** Data for processing **
###

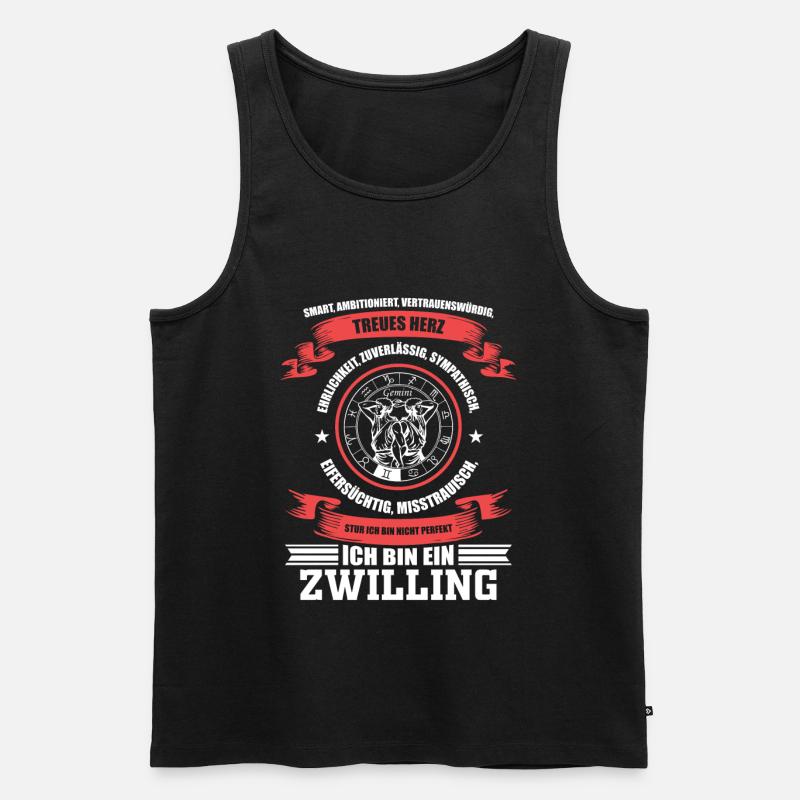 Sternzeichen Zwillinge Horoskop - Männer Premium Bio Tank Top - Schwarz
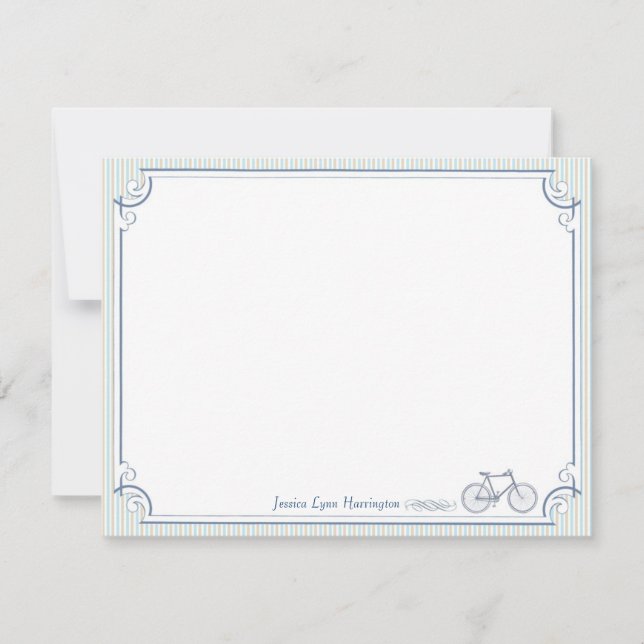 Vintage Bicycle Personalised Flat Note Cards (Front)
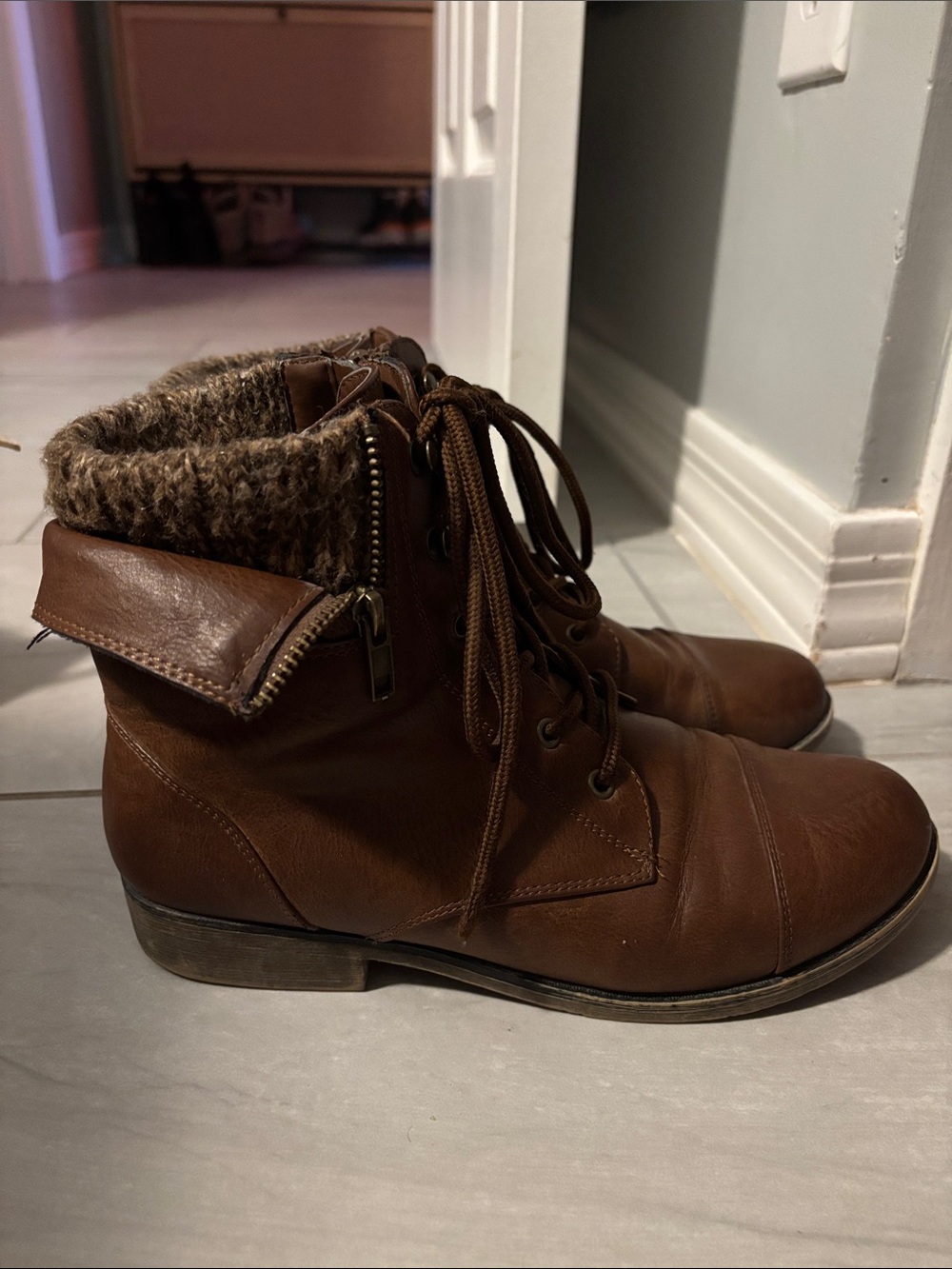 Mudd Brown Lace-Up Ankle Boots with Knit Cuff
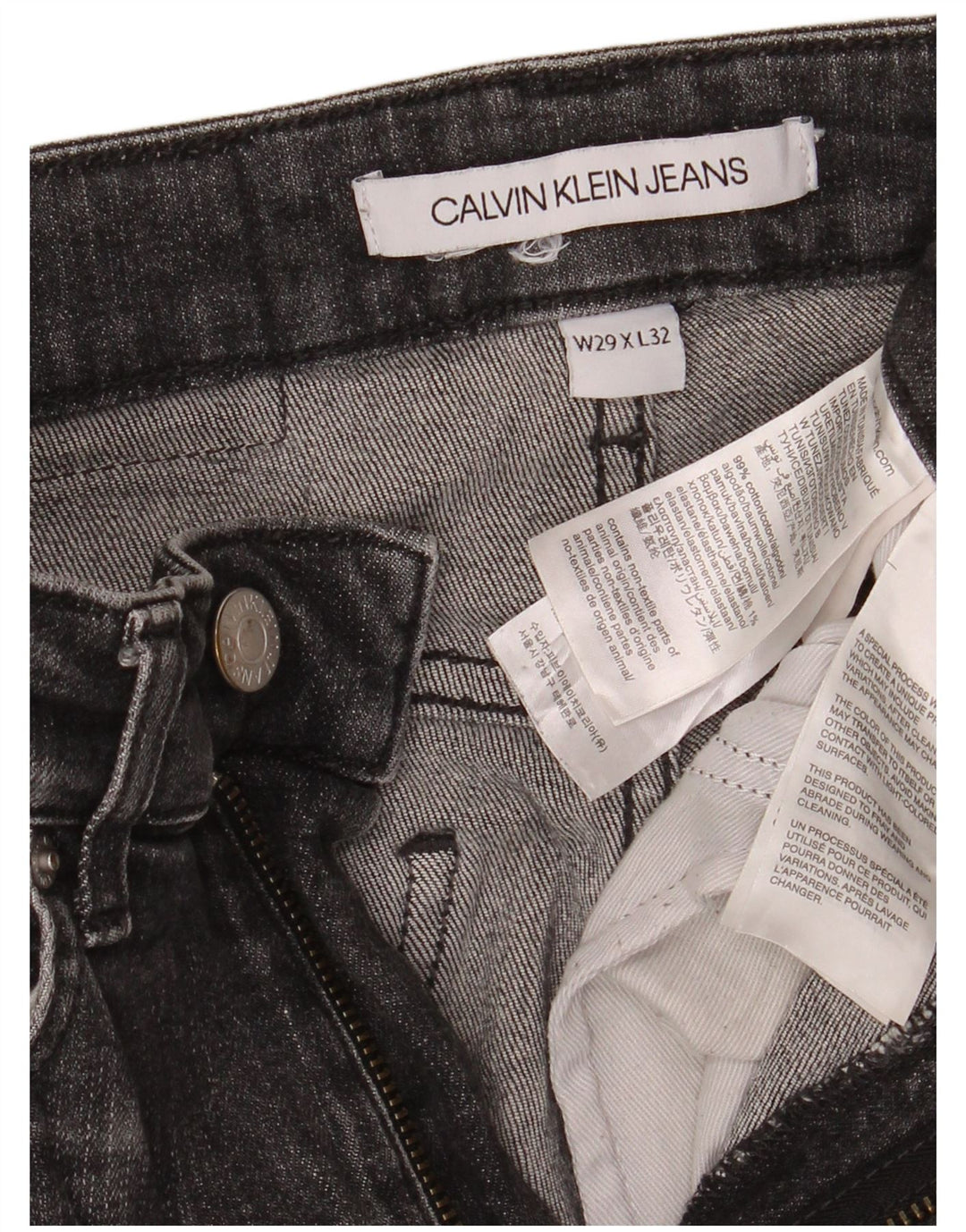 Męskie dżinsy rurki Calvin Klein w trudnej sytuacji W29 L32 Czarne bawełniane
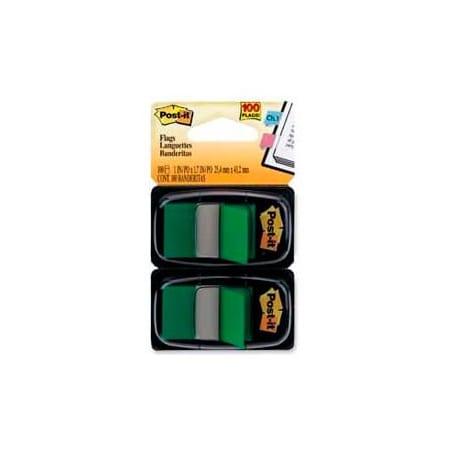 3M Post-it Flags, 1" Wide, Green, 50 Flags/Dispenser, 2 Dispensers/Pack 680GN2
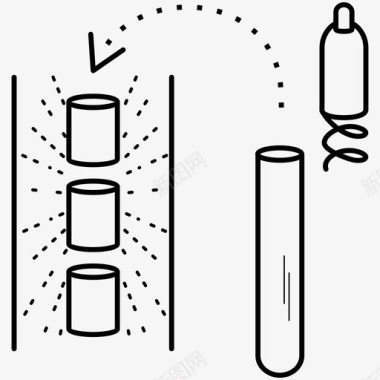 粒子喷发辐射源低能粒子射线图标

###

** What this task involves **
Write out the material above exactly. Skip the pictures.

** Your solution **
 Sternzeichen Zwillinge Horoskop - Männer Premium Bio Tank Top - Schwarz
 Vintage Bicycle Personalised Flat Note Cards (Front)
 Mudd Brown Lace-Up Ankle Boots with Knit Cuff
 Męskie dżinsy rurki Calvin Klein w trudnej sytuacji W29 L32 Czarne bawełniane
 3M Post-it Flags, 1" Wide, Green, 50 Flags/Dispenser, 2 Dispensers/Pack 680GN2
 粒子喷发辐射源低能粒子射线图标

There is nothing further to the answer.